4. Pour engager la responsabilité de la commune du Pian-Médoc, le tribunal a retenu la faute commise par cette dernière en s'opposant à la déclaration préalable afférente au lotissement de la parcelle cadastrée section CO n°28, l'illégalité de cette décision ayant été constatée par le jugement du tribunal administratif de Bordeaux en date du 13 février 2014, devenu définitif sur ce point compte tenu de ce qui est dit au point 2. Cette illégalité fautive, qui se rattache au bien-fondé des motifs de l'opposition à déclaration préalable, est susceptible d'engager la responsabilité de la commune du Pian-Médoc si elle est à l'origine des préjudices subis par la SARL Negocimmo.

5. En premier lieu, la SARL Negocimmo sollicite l'indemnisation des frais exposés et du temps consacré en vain à la réalisation de cette opération.
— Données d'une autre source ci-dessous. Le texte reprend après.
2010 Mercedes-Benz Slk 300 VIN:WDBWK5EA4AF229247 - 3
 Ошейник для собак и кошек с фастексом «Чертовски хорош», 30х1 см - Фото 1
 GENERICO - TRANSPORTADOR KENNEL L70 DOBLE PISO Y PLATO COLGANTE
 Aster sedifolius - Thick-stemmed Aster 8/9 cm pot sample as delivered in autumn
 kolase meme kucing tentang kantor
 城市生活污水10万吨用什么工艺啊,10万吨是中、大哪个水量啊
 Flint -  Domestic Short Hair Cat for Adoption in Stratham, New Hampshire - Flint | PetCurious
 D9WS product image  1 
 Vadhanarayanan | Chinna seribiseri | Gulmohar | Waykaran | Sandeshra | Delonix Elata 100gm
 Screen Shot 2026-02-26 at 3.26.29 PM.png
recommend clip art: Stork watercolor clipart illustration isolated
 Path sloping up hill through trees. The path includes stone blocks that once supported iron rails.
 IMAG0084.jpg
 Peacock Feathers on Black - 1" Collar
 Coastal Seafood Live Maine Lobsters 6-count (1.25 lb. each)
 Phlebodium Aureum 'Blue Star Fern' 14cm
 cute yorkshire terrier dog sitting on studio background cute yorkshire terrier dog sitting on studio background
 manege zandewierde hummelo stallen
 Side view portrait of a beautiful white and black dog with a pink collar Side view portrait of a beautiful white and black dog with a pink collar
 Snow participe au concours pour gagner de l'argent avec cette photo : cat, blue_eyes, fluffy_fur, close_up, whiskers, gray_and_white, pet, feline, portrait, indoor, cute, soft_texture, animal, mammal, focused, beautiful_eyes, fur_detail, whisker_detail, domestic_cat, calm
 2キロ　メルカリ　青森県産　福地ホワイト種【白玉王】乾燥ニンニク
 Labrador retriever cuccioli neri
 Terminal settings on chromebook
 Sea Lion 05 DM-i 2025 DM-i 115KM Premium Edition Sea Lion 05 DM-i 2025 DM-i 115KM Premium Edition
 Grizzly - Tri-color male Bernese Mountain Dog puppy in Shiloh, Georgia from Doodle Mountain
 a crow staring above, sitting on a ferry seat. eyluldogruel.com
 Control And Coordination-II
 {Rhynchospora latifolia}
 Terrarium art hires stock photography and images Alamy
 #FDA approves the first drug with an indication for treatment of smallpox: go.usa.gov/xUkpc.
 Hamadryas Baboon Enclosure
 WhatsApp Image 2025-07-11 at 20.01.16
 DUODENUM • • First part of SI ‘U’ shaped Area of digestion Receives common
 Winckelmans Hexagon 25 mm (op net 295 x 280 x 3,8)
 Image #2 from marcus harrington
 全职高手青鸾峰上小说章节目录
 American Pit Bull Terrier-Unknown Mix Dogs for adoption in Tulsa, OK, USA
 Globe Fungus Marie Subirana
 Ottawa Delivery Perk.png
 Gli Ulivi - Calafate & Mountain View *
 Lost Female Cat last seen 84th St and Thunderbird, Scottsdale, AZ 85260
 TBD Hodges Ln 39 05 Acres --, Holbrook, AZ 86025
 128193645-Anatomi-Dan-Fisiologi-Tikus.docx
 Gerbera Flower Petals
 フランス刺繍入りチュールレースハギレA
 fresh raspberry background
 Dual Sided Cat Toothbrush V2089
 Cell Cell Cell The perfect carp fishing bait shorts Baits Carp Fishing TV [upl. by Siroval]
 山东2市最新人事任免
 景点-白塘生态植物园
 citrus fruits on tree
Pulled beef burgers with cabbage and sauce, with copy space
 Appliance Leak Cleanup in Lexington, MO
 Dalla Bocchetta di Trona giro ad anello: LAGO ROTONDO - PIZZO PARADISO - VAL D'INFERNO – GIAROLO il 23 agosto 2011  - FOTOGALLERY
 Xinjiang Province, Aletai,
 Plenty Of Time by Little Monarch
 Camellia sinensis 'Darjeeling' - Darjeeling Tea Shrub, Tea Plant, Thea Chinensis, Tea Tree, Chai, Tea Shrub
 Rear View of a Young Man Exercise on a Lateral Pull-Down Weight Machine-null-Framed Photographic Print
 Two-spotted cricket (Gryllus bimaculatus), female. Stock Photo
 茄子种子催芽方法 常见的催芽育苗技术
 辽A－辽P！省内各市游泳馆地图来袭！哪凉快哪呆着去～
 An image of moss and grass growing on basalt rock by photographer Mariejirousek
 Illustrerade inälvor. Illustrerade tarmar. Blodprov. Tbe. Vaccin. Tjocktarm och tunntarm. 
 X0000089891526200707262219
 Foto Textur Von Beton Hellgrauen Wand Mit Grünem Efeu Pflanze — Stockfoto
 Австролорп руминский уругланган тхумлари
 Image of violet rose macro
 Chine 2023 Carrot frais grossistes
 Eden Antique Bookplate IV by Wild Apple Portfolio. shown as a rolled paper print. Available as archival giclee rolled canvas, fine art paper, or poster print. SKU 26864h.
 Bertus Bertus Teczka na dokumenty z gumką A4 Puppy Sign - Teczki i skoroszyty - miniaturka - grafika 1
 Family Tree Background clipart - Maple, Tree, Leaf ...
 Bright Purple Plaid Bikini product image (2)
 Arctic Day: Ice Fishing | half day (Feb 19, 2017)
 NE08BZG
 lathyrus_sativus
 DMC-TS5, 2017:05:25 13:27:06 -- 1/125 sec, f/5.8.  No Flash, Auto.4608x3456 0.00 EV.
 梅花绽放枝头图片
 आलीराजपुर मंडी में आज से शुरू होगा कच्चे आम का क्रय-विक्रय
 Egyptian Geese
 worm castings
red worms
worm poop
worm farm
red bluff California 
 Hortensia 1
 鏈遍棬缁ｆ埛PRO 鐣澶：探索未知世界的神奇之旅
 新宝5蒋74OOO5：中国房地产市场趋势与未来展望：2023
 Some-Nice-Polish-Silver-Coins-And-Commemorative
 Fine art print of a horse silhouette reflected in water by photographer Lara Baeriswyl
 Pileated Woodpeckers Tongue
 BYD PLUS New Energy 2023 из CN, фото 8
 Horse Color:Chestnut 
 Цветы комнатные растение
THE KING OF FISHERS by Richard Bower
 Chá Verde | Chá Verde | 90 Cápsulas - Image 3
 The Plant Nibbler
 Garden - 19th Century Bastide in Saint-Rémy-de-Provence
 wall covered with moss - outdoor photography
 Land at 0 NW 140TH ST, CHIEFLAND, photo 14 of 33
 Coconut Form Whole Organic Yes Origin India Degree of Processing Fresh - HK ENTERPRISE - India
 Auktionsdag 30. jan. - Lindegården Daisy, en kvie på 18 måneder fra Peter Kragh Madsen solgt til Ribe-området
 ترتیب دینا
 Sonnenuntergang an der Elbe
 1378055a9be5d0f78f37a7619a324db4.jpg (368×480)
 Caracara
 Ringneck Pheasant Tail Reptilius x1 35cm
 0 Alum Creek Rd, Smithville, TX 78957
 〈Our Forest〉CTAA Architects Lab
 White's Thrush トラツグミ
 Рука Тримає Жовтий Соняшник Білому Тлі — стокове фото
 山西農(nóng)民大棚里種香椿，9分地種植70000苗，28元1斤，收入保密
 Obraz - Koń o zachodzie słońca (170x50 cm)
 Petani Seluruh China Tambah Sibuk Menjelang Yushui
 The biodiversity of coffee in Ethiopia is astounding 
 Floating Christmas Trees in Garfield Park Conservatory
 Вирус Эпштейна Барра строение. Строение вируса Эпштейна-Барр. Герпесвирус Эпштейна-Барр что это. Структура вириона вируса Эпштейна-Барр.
Ces frais ne peuvent toutefois être indemnisés que pour autant qu'ils seraient la conséquence directe des agissements fautifs de la commune et seraient justifiés. Il résulte de l'instruction que si la SARL Negocimmo a préparé et déposé le dossier de déclaration préalable pour le compte de M. B...en vertu du mandat accordé le 13 décembre 2011, ce mandat prévoit que les démarches sont effectuées sous la responsabilité du mandataire et à ses frais exclusifs. Dans ces conditions, les dépenses afférentes à la réalisation du dossier de déclaration préalable doivent être regardées comme ayant effectivement été engagées par la SARL Negocimmo, alors même que ce dossier a été déposé pour le compte de M.B.... Il résulte également de l'instruction, et notamment de l'attestation de fin d'engagement du 16 octobre 2012, que M. B...a mis un terme à son engagement de vendre la parcelle cadastrée section CO n° 28 à la SARL Negocimmo en raison du délai " trop tardif de réalisation de ce projet de vente " et de l'absence d'engagement de la société " à concrétiser cette promesse de vente avant la date butoir du 31 octobre 2012 ". Il n'est pas contesté que la SARL Negocimmo n'a pas levé l'option d'achat de la parcelle en raison de l'opposition du maire du Pian-Médoc à la déclaration préalable. Dès lors le préjudice allégué par la SARL Negocimmo résultant de l'impossibilité de réaliser le lotissement qu'elle projetait doit être regardé comme directement lié à la faute de la commune, alors même qu'il résulte également de la décision de M. B...de ne pas donner suite à la promesse de vente après l'expiration de son délai de validité. Ainsi le caractère inutile des dépenses engagées pour la réalisation du dossier de déclaration préalable trouve son origine dans l'illégalité de l'opposition à déclaration préalable. C'est donc à bon droit que les premiers juges ont indemnisé ce préjudice, qu'ils ont évalué à la somme de 3 000 euros. Au regard des frais de bornage justifiés à hauteur de 2 700 euros, des frais d'enregistrement de la promesse de vente à hauteur de 125 euros, et en l'absence de toute évaluation sérieuse du temps consacré par la société à ce projet, il y a lieu de confirmer cette évaluation.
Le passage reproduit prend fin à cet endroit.